--- Records for this exercise Enclosed Below ---

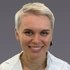 Шарнина Анна Алексеевна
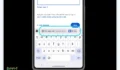 Bitwarden للأندرويد: اختبر التعبئة التلقائية بحساب واحد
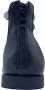 Les Tropeziennes Zwarte Sandalen Costa Model Ss24 Black Dames - Thumbnail 4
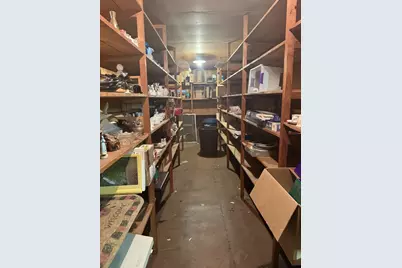 503 E Main Street, Morrison, IL 61270 - Photo 37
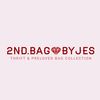 2nd.bagbyjes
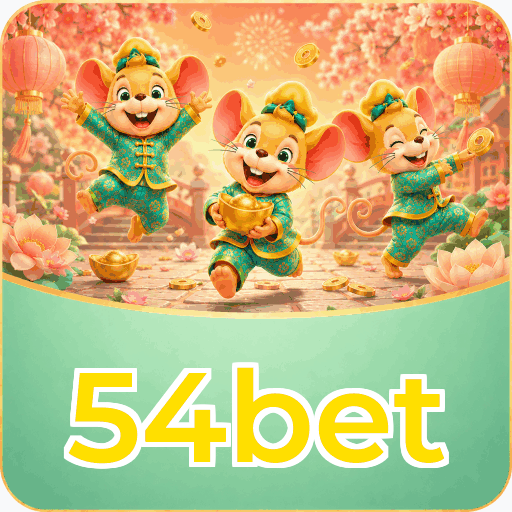 54bet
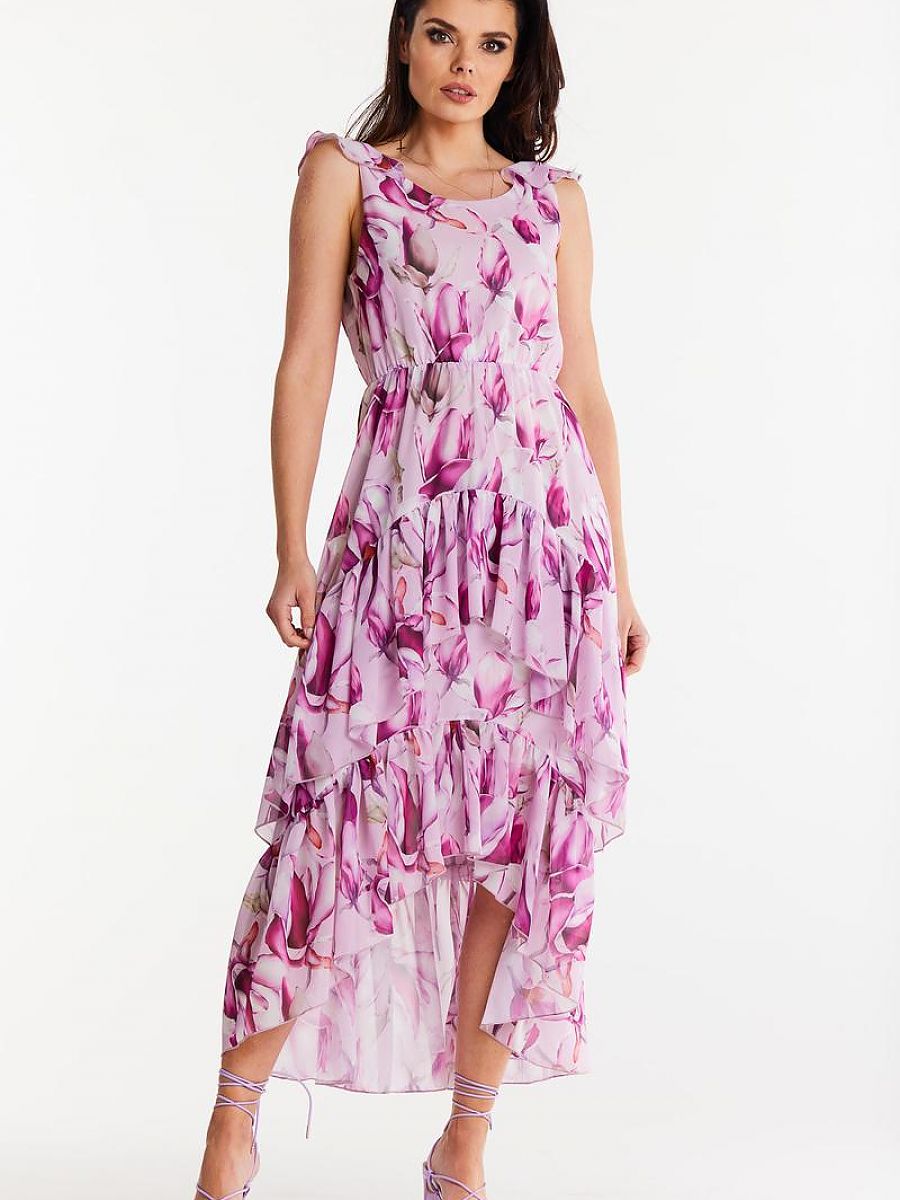  Daydress model 196728 awama 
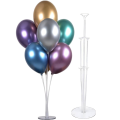 Stojak Na Balony Stelaż na 7 Balonów 70 cm.png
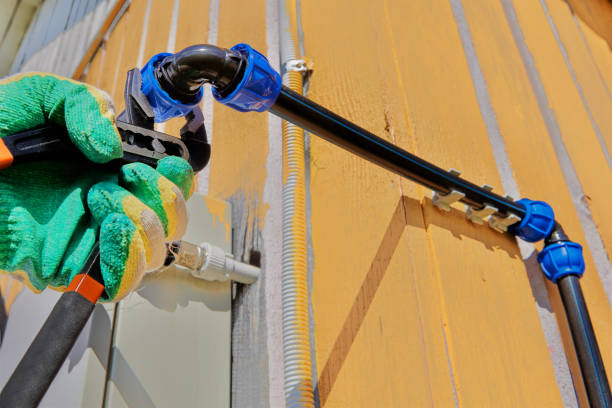 Best Best Plumbers Near Me  in Waterloo, IN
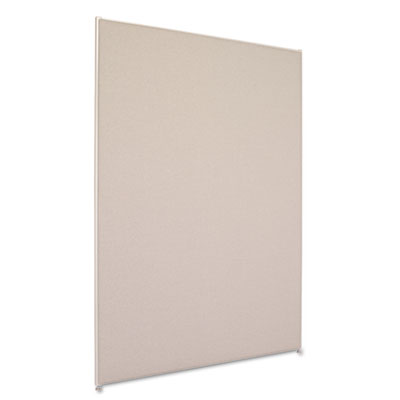 basyx&reg; Vers&eacute;&reg; Office Panel
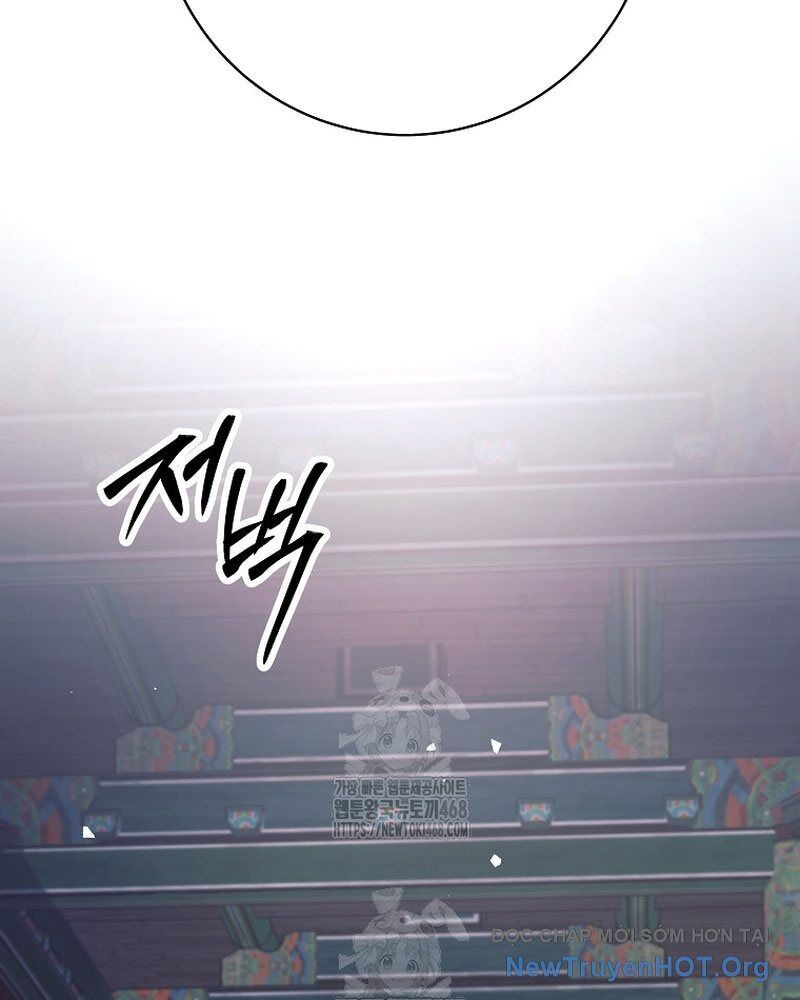 page_81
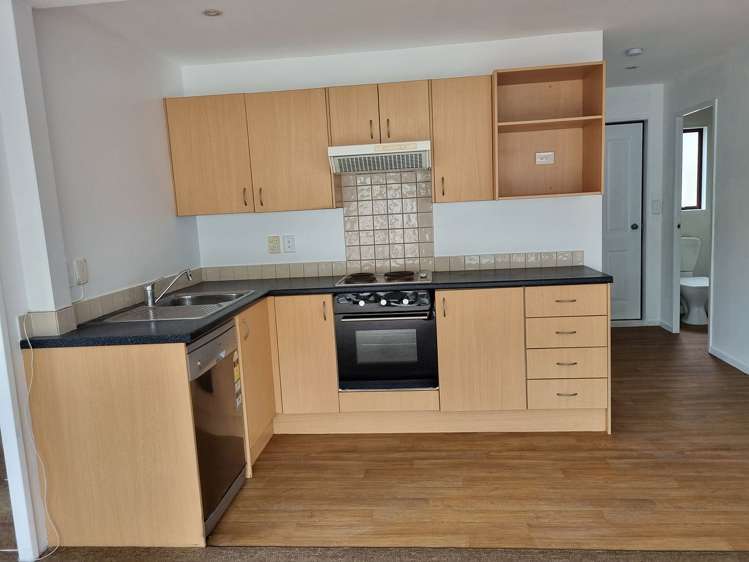 62 Malaspina Place Papatoetoe_1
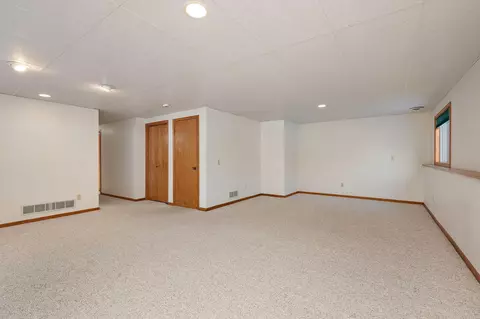 7606 116th Ave N, Champlin, MN 55316 photo 18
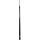 Poolbillard Queue Cue Jim Davis JD-Serie
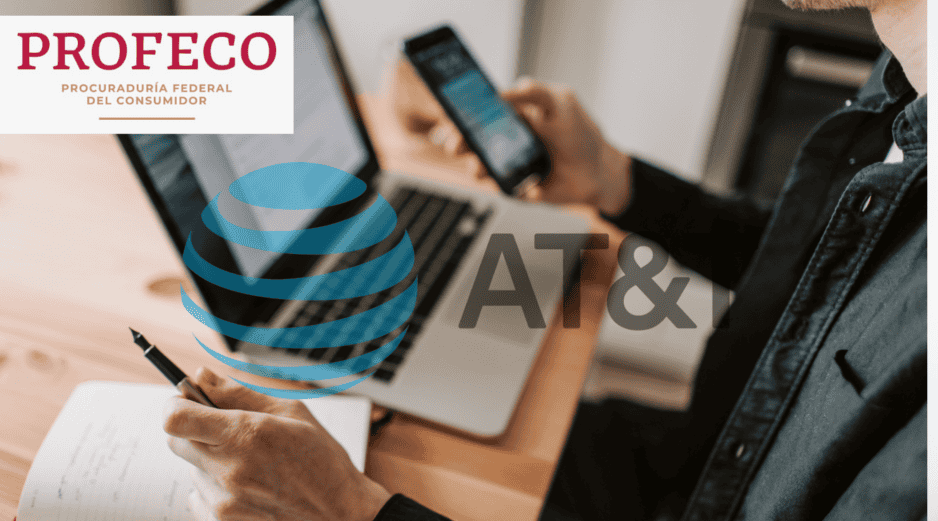 La procuraduría reiteró que la exigencia de compensar a los usuarios se dio en cumplimiento al derecho de toda persona consumidora de recibir un servicio seguro y con calidad. ESPECIAL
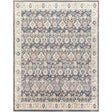 Surya New Mexico NWM-2316 2' x 3' Rug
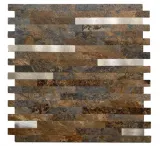 panel-scienny-samoprzylepny-dekoracyjny-pcv-rustic-gold-fllow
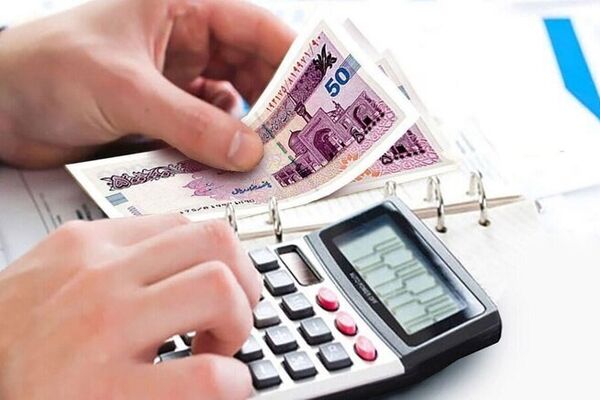 معاون وزیر کار از تزریق ۱۳۰ همت تسهیلات اشتغال‌زایی خبر داد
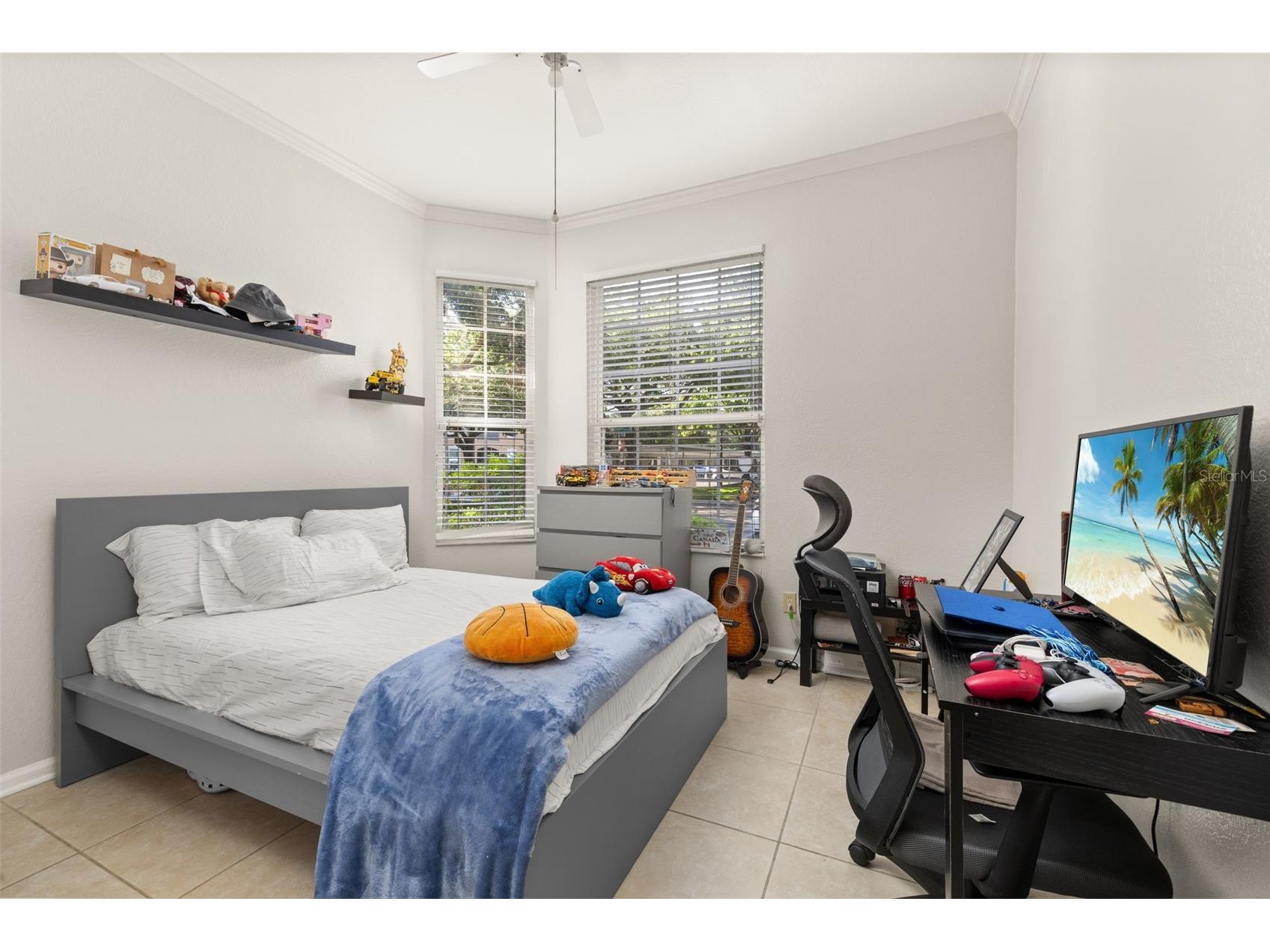 6214 Stevenson Drive #106 Orlando FL 32835 S5141281 image21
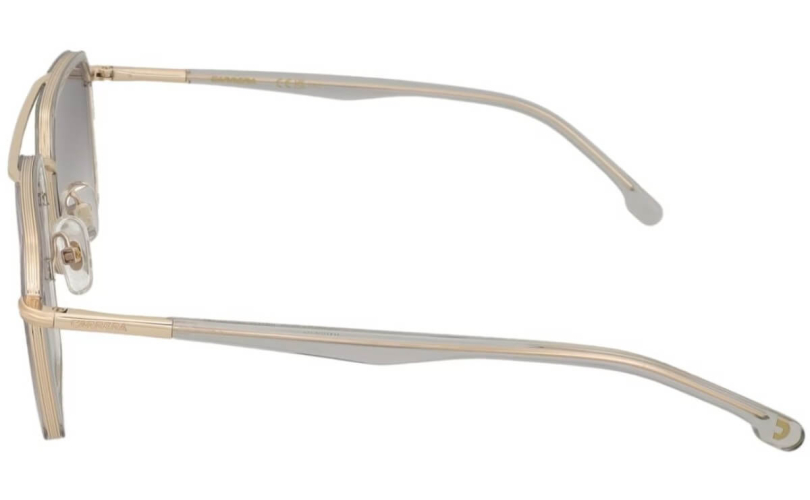 CARRERA CARRERA 362/S - KB7/FQ - 2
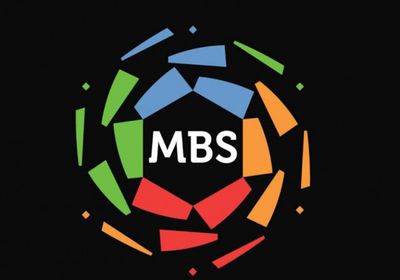 نهائي كأس آسيا يؤجل جولتي الحسم في الدوري السعودي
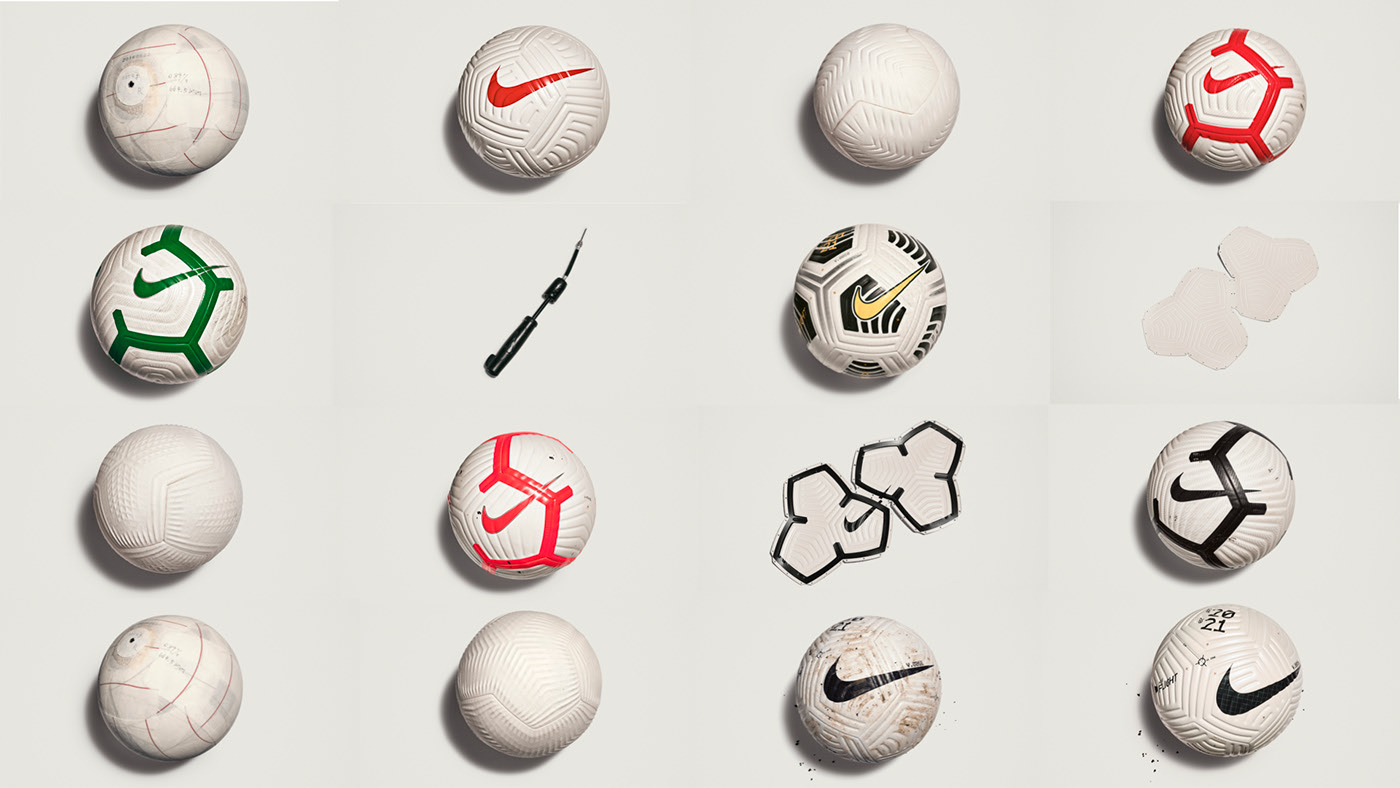 Football，nike，carving，technology，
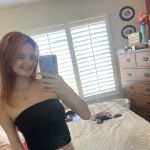 MaggieDee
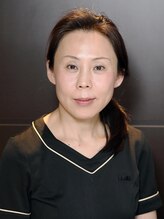 サロン ド ヴィータ 清水 香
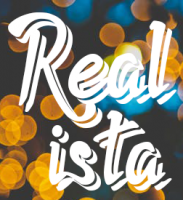 Realista's Photo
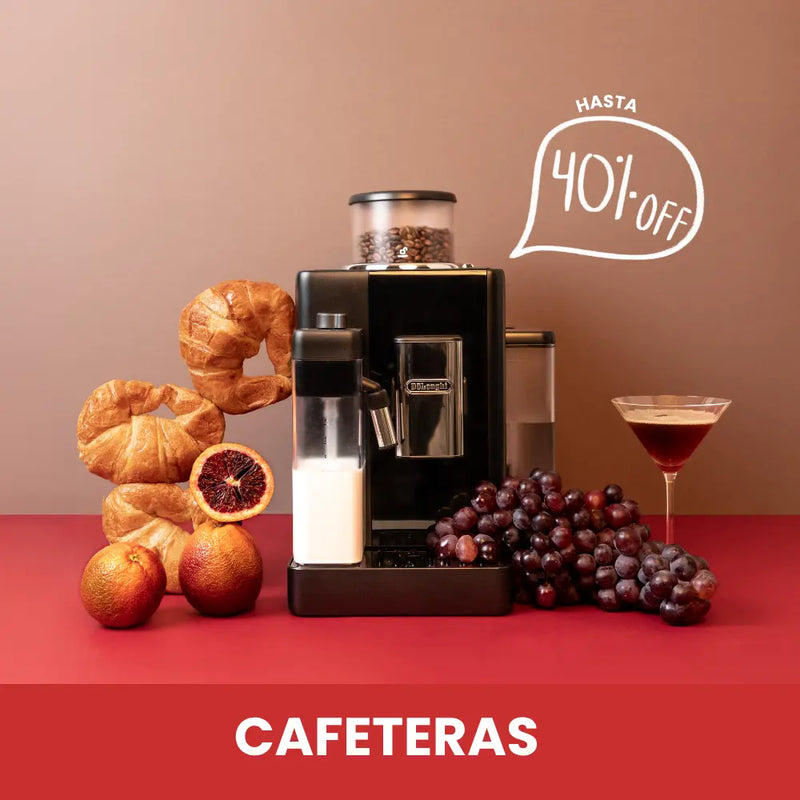 C4_SDLC_REFRIGERACION_27072026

--- End of Enclosed Records for this exercise ---

*Task prompt:*
Exact repetition of all the records is required, with the pictures excluded.

*Task output:*
 Шарнина Анна Алексеевна
 Bitwarden للأندرويد: اختبر التعبئة التلقائية بحساب واحد
 Les Tropeziennes Zwarte Sandalen Costa Model Ss24 Black Dames - Thumbnail 4
 503 E Main Street, Morrison, IL 61270 - Photo 37
 2nd.bagbyjes
 54bet
  Daydress model 196728 awama 
 Stojak Na Balony Stelaż na 7 Balonów 70 cm.png
 Best Best Plumbers Near Me  in Waterloo, IN
 basyx&reg; Vers&eacute;&reg; Office Panel
 page_81
 62 Malaspina Place Papatoetoe_1
 7606 116th Ave N, Champlin, MN 55316 photo 18
 Poolbillard Queue Cue Jim Davis JD-Serie
 La procuraduría reiteró que la exigencia de compensar a los usuarios se dio en cumplimiento al derecho de toda persona consumidora de recibir un servicio seguro y con calidad. ESPECIAL
 Surya New Mexico NWM-2316 2' x 3' Rug
 panel-scienny-samoprzylepny-dekoracyjny-pcv-rustic-gold-fllow
 معاون وزیر کار از تزریق ۱۳۰ همت تسهیلات اشتغال‌زایی خبر داد
 6214 Stevenson Drive #106 Orlando FL 32835 S5141281 image21
 CARRERA CARRERA 362/S - KB7/FQ - 2
 نهائي كأس آسيا يؤجل جولتي الحسم في الدوري السعودي
 Football，nike，carving，technology，
 MaggieDee
 サロン ド ヴィータ 清水 香
 Realista's Photo
 C4_SDLC_REFRIGERACION_27072026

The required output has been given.